“Bolsonaro quer espoliar os índios da Amazônia”, destaca o Le Figaro

Atualizado em 11 de fevereiro de 2020 às 15:27

PUBLICADO NA RFI

O jornal francês Le Figaro desta terça-feira (11) publica uma grande matéria intitulada “Bolsonaro à l’assaut des Indiens d’Amazonie”, ou “Bolsonaro quer espoliar os índios da Amazônia”. O subtítulo explica que o presidente brasileiro quer explorar a imensa floresta do país e propõe que os índios se integrem melhor à sociedade. A matéria é ilustrada com uma grande foto de um yanomami visitando, ao lado de agentes do Ibama, uma área devastada por uma mina ilegal no Estado do Roraima.

Os índios da Amazônia vão perder suas terras e sua alma? questiona o texto. A ameaça é real depois da série de medidas adotadas nos últimos dias pelo governo Bolsonaro, acredita o correspondente do jornal conservador no Brasil, Michel Leclerq.

O medo das populações indígenas é alimentado principalmente por dois motivos. O primeiro é o projeto de lei, apresentado na semana passada, que autoriza a exploração econômica em grandes áreas da floresta tropical, que será aberta a investimentos nos setores de mineração, petróleo, agronegócio, turismo ou para a construção de barragens. O segundo motivo de intimidação, segundo a matéria, é a nomeação de um ex-missionário evangélico, Ricardo Lopes Dias, para a chefiar a coordenação-geral de proteção a índios isolados da Funai.

Constituição garantiu direito a terras ancestrais

A reportagem lembra que a exploração da maior floresta tropical do mundo começou desde a chegada dos portugueses ao Brasil no século 16, mas ganhou um impulso decisivo a partir da Ditadura Militar brasileira, nos anos 1970. Com a volta dos civis ao poder, a Constituição de 1988 garantiu aos povos indígenas a posse de suas terras ancestrais que equivalem a 12% do território nacional, isto é, mais de um 1 milhão de km², informa o correspondente.

Antes de chegar ao poder, Jair Bolsonaro afirmou que os índios viviam nas reservas “como animais em zoológicos” e que hoje “eles mudaram, são seres humanos como nós e devem ser integrados”, cita o diário. A reportagem indica que algumas tribos não são insensíveis a esse discurso devido às compensações financeiras previstas no projeto de lei em troca da exploração de suas terras. Mas a grande maioria rejeita categoricamente esses projetos.

“O sangue que corre em nossas veias é impregnado de nossas lutas e resistências.
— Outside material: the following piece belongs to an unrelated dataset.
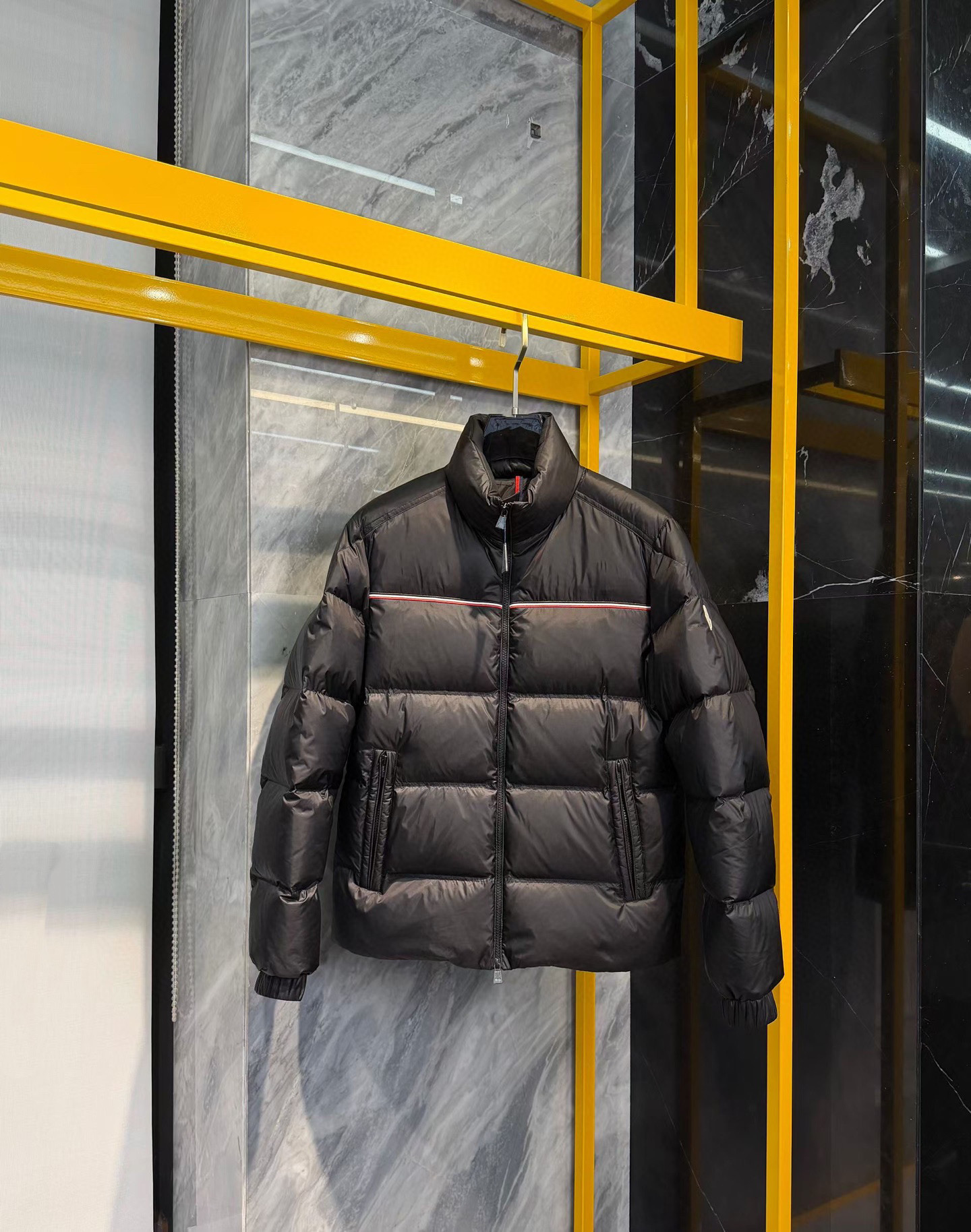 品牌：MONC*ER蒙*口颜色：黑色 白色 尺码：M-3XL介绍：2025秋冬新品男士休闲羽绒服外套，定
Não aceitaremos esse pesadelo” previne, em declaração ao Le Figaro, a líder indígena Sônia Guajajara, coordenadora da Aliança dos Povos Indígenas do Brasil (Apib).

Ameaça aos índios isolados

O projeto de assimilação forçada ameaça os grandes povos da floresta, mas também os pequenos grupos vulneráveis de índios que vivem isolados, sem nenhum contato com o mundo exterior. A Funai calcula que o país possui 114 desses grupos.

O novo coordenador-geral de proteção a índios isolados da Funai integrou a Missão Novas Tribos, de origem americana, que é acusada de ter dizimado o povo Zo’é. Mesmo se Ricardo Lopes Dias tenha garantido que não vai tentar evangelizar essas populações, o conjunto dos organismos indígenas rejeitou sua nomeação, informa o texto.

O padre Patricio Brennan, que atua na Amazônia há quarenta anos, entrevistado pelo Le Figaro, considera a situação uma “tragédia”. Segundo ele, essa visão do governo é “retrógrada e não respeita a cultura, as tradições e as crenças desses povos, que têm o direito de ficar isolados”.